Sonuncusu; Allah’ın kullarını denemesi, imtihan etmesi.

İşte buna ne dayanabiliyor, ne de bunu kabullenebiliyorum.

Allahın insanları imtihan etmesi, denemesi, bu kadar mı gaddar bu kadar mı acımasız olur.

O henüz 52 yaşında, sevdiği, hoşlandığı müziği duyduğunda, yüzünde ki o güzel gamzelerini ortaya iyice ortaya çıkararak, melekleri kıskandıracak gülüşüyle, kendinden geçip inanılmaz zevk alarak oynayan, dans eden, dünya güzeli kadının, ayaklarının üstünde duramaması, kolunu bıraktığımda sendelemesi, düşmesi mi, kendi başına iki adım bile atamaması, nefes nefese kalması mı Allah'ın imtihanı, Allah'ın adaleti?

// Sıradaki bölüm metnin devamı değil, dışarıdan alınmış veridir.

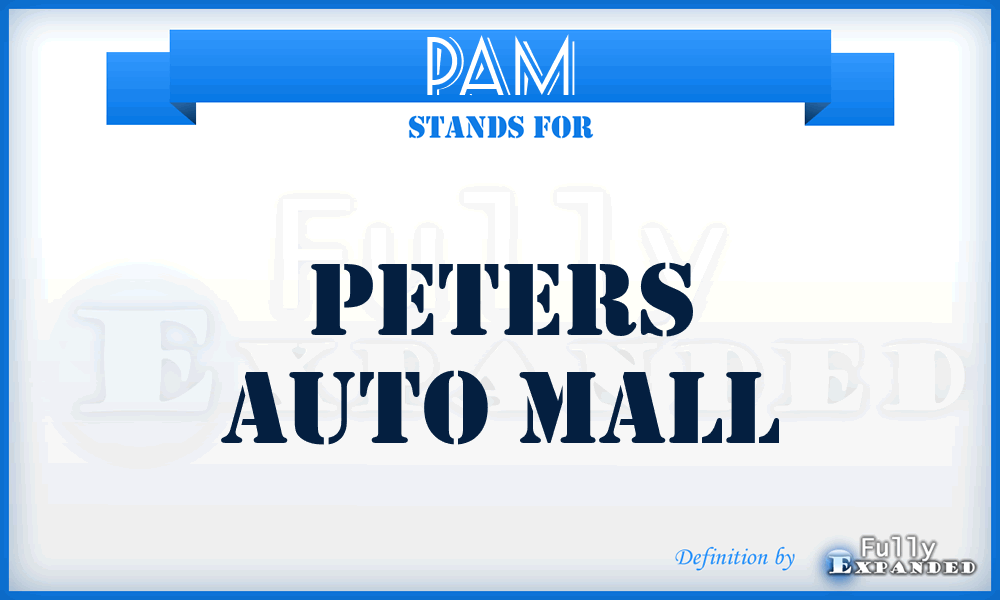 PAM - Peters Auto Mall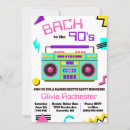 Search for 90s hen party invitations Bach to the 90s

O güzelim harika tablolar yaratan, incecik parmakların artık ismini bile yazamayacak kadar körelmesi, hareket kabiliyetini yitirmesi midir Allah’ın imtihanı, adaleti?

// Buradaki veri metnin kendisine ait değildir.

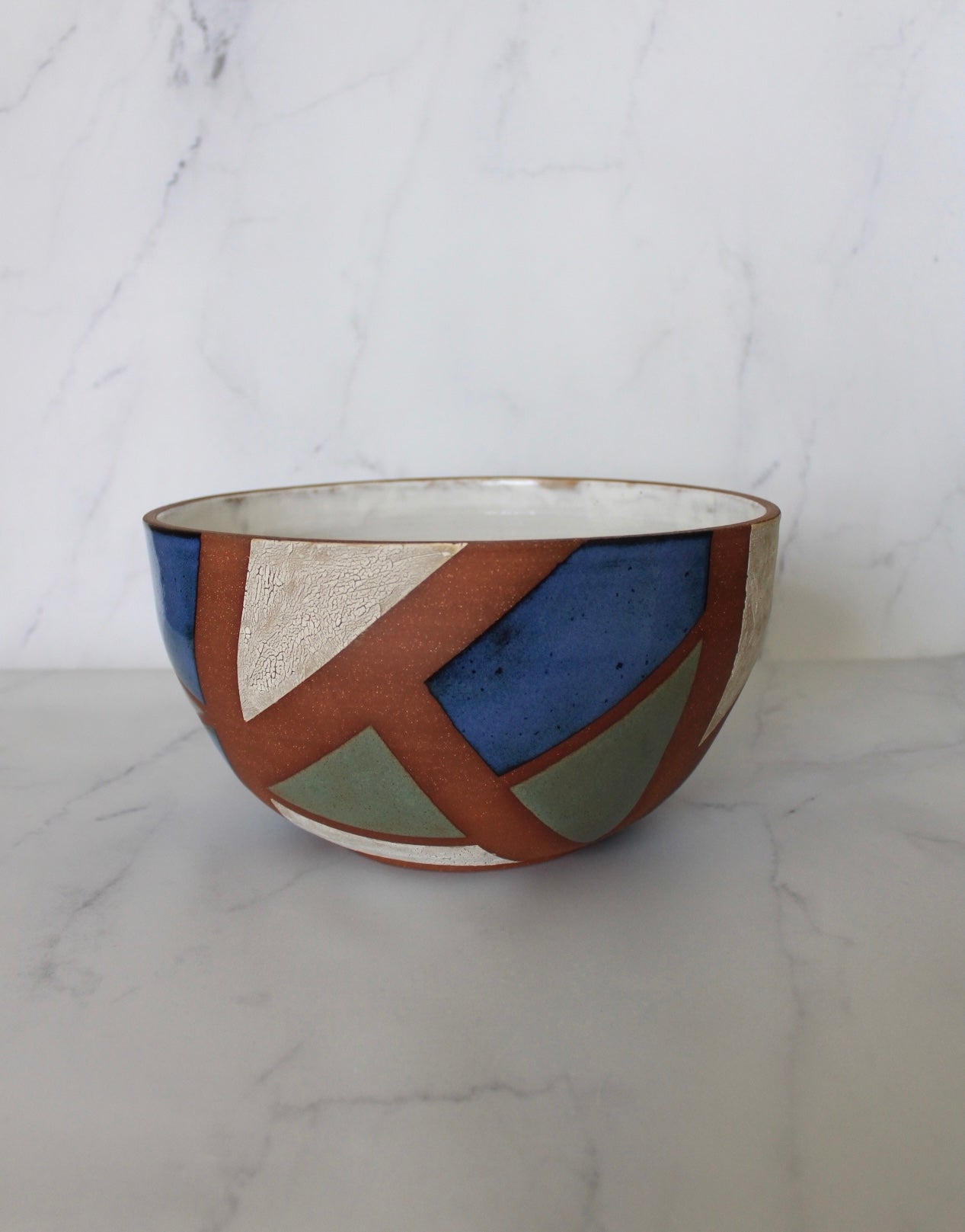 Geometric Serving Bowl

Nedir bu böyle, önce verip, sonra geri almak? Bir çeşit oyun mu bu?

Allah kendi yarattığına nasıl bunu layık görür, nasıl kıyar, nasıl bu kadar eziyet eder, acı çektirir ki?

Siz evlatlarınıza bunu yapar mısınız? Yapabilirmisiniz?

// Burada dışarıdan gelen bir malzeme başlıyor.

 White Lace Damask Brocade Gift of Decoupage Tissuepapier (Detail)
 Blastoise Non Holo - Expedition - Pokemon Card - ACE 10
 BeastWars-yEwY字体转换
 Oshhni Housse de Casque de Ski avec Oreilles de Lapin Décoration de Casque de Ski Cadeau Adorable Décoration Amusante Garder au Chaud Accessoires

Bir yerlerde bir şeyler çok yanlış ve çok acı verici.

Artık hiç anlamıyorum, anlamaya da çalışmıyorum.

Bıraktım yani.

Sabretmekten, sabretmeye çalışmaktan, kabullenmeye uğraşmaktan yoruldum artık.

Ne olacaksa olsun.

İnceldiği yerden kopsun.

Kopsun be!!!

Kopsun.


SENİ SEVİYORUM



Akşamları restoranımızı ve mağazamızı kapattıktan sonra, o her köşesini dantel gibi işlediğimiz, inanılmaz emek vererek, alın terimizle inşa ettiğimiz muhteşem evimizin terasında, yorgun ayaklarımızı uzatır, yorgunluğumuzun tadını çıkarırdık yeşil gözlümle.

Elele, kucak kucağa, cırcır böceklerini dinler, etrafımızı çepeçevre saran çam ağaçlarının, bahçemizden yayılan yasemin ağaçlarının kokusunu içimize çeker, yıldızları seyrederdik. Sıcak ama çok güzel yaz gecelerinde.

Sevgilim birden yemyeşil gözlerini gözlerime diker “Seni öyle seviyorum ki Güven” derdi.

“Nereden icabetti, şimdi sevgin mi kabardı” diye sorar, şakacıktan, gülerdim. “Bilmem, içimden geldi, her şey o kadar güzel ki korkuyorum” derdi.

Sesinde gökyüzünü yıldızları, denizleri, yelkenlileri, arı kuşlarını, hissederdim. Vücudumun en erişilmez yerlerine kadar oksijenin yayıldığını, gözlerimin ışıl ışıl yandığını hayata bağlandığımı, hayata sarıldığımı, yapıştığımı hissederdim. O bana “Seni o kadar seviyorum ki Güven” dediğinde. Bana yeni bir dünya veriyor, usulca yeni bir dünya koyuyor kucağıma gibi hissederdim.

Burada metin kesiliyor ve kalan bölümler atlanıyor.